That has a lot to do with the lack of textbooks in this country’s public school system. There are none. Teachers here do more than just teach, they write a textbook every year for their hundreds of students.

Everything a student can learn in Madagascar comes from the teacher’s mouth and goes into their kahie (notebook). It’s hard to find any books in this country, and newspapers will more often than not serve as toilet paper to the majority of a family. What happens in Antananarivo does not matter to the farmer working in the countryside, so why read about it, even if he could?

My English Club students are different. Before the singing, dancing and games, the English Club in Ankazobe acted as more of a library. One of the first Peace Corps projects was putting together a fantastic English library in the school.

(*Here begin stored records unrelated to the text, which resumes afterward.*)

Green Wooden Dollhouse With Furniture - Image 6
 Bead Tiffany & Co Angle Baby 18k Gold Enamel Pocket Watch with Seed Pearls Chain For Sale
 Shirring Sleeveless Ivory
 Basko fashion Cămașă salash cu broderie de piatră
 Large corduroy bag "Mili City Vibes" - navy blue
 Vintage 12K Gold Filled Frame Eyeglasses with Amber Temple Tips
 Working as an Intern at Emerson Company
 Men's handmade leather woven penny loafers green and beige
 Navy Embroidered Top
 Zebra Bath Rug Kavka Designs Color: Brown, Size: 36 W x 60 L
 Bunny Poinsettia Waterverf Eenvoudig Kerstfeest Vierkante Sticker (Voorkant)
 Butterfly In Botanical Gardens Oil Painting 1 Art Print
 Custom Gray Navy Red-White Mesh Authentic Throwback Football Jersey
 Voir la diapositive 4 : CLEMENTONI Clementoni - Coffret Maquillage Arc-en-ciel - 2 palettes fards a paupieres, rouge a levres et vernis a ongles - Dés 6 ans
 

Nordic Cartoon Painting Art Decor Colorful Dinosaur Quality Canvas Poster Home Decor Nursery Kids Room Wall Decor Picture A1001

It really is amazing what my predecessors have left me to work with. From the simplest children’s books (Bernstein Bears, oh my!) on through teenage book series, all the way up to some true classics of Western literature (All Along the Western Front), these kids have entire worlds before them.

As excited as I may be to start discussions on Emerson and Whitman, I want these kids to understand the inherent fun in learning English. So for now, we’ll dance the Hokey Pokey, sing β€œWorking on the Railroad” and play β€œWhat time is it, Mr. Fox?”

Entertaining them is what I do. After all, they’re my kids.